◆ Required work
Both the line below containing "Arroces y risottos" and the line containing "Traxxas 7948 LED-light harness rear, Aton", along with every line between them, should be repeated exactly; no other line belongs in the answer.
(Input for this task)
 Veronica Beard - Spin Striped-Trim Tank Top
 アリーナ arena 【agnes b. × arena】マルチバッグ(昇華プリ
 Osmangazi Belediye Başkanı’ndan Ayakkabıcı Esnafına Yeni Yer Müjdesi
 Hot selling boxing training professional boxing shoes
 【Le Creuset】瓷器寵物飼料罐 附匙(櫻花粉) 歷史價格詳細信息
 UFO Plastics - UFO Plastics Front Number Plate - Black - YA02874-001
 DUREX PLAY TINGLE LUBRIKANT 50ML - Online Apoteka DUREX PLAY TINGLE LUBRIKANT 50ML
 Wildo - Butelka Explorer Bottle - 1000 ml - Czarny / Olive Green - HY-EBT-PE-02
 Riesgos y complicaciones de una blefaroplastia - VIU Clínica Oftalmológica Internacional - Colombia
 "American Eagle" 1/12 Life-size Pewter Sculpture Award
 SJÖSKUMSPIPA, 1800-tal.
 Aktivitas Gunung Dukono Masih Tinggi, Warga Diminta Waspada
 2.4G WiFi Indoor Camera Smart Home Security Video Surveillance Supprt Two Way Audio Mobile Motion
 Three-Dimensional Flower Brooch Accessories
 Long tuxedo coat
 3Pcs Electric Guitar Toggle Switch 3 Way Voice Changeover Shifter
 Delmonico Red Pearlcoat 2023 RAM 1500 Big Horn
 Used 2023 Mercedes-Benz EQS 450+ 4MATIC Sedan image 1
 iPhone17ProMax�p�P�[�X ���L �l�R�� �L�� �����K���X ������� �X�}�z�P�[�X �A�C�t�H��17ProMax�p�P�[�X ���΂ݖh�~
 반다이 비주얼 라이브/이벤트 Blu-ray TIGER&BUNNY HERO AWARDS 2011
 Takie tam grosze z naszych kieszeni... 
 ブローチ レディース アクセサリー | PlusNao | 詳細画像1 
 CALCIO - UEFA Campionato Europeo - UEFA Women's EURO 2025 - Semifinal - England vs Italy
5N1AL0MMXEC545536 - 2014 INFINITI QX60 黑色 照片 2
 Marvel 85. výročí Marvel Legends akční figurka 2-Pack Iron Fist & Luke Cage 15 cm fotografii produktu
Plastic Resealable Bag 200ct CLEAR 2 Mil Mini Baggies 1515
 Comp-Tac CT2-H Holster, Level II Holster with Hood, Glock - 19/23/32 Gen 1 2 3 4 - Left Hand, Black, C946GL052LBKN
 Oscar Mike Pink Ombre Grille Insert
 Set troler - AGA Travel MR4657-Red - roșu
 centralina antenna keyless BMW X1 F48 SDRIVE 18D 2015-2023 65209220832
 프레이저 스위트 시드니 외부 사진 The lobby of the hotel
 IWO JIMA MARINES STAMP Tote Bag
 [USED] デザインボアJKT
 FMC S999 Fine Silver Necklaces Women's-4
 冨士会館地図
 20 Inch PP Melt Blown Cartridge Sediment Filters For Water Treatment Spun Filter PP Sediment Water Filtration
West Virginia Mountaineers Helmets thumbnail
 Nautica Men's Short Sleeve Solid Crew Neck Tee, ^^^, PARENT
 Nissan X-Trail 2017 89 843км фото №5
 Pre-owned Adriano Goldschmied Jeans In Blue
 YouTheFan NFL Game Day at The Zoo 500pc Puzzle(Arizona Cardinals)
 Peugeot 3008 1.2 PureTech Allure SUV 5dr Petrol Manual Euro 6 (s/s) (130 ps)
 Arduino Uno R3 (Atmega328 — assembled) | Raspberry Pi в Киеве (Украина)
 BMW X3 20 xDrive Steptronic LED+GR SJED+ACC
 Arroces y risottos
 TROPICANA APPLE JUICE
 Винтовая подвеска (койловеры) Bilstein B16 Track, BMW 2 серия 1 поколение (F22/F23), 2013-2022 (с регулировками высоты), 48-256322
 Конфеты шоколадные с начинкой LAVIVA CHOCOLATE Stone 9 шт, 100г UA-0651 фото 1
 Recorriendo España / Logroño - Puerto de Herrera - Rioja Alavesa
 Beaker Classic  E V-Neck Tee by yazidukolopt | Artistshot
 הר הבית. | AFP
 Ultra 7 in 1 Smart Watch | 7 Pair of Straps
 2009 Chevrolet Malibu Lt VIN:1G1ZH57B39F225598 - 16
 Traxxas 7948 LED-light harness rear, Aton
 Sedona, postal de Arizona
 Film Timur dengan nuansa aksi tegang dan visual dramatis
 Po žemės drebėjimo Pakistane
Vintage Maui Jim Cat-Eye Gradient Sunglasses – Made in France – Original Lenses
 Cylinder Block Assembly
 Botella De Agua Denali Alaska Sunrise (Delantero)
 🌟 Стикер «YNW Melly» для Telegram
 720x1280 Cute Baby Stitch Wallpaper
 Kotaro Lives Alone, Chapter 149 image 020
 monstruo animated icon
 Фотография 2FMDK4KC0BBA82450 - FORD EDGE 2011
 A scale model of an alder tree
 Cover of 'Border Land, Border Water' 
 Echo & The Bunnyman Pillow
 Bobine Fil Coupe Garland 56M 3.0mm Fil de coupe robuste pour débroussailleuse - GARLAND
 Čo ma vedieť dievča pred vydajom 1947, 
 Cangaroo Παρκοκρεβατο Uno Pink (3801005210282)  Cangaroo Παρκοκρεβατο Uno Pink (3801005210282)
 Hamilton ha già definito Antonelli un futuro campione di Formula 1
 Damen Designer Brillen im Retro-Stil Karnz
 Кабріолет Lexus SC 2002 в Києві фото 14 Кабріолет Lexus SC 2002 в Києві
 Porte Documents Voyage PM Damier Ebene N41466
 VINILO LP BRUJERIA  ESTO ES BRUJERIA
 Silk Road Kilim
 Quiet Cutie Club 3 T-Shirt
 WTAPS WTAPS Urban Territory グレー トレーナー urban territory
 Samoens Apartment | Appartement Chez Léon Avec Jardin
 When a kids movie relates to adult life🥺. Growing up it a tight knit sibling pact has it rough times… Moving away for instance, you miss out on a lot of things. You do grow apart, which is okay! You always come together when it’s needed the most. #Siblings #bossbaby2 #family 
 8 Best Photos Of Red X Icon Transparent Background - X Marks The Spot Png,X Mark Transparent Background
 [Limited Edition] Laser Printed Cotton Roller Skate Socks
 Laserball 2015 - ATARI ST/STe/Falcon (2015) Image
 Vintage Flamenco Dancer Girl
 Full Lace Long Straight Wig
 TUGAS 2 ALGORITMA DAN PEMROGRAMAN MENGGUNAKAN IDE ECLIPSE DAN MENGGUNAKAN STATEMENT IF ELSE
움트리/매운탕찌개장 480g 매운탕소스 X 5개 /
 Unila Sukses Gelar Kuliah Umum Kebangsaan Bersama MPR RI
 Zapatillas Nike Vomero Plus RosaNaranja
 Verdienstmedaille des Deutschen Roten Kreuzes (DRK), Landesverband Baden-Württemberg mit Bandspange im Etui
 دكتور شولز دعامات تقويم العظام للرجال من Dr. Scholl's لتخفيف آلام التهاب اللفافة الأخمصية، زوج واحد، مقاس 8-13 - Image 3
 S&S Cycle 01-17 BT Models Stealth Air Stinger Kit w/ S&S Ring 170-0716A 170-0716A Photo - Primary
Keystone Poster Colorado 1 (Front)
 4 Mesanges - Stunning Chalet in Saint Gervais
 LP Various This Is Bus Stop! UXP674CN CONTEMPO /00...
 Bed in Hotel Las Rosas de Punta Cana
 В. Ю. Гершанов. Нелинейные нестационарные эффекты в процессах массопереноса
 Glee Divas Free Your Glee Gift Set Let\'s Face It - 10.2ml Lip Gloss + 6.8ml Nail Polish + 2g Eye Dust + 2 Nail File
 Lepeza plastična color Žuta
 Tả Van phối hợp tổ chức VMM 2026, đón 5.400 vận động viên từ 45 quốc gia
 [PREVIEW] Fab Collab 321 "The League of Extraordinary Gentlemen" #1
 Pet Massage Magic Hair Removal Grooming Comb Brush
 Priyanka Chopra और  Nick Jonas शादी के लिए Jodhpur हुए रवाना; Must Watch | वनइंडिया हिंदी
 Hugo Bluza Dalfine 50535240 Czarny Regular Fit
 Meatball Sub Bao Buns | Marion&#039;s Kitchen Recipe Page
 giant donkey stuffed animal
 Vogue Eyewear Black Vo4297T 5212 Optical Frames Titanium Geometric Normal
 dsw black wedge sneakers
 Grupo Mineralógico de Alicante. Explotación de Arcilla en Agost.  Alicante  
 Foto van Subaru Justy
(End Input for this task)
◆ Reply
 Arroces y risottos
 TROPICANA APPLE JUICE
 Винтовая подвеска (койловеры) Bilstein B16 Track, BMW 2 серия 1 поколение (F22/F23), 2013-2022 (с регулировками высоты), 48-256322
 Конфеты шоколадные с начинкой LAVIVA CHOCOLATE Stone 9 шт, 100г UA-0651 фото 1
 Recorriendo España / Logroño - Puerto de Herrera - Rioja Alavesa
 Beaker Classic  E V-Neck Tee by yazidukolopt | Artistshot
 הר הבית. | AFP
 Ultra 7 in 1 Smart Watch | 7 Pair of Straps
 2009 Chevrolet Malibu Lt VIN:1G1ZH57B39F225598 - 16
 Traxxas 7948 LED-light harness rear, Aton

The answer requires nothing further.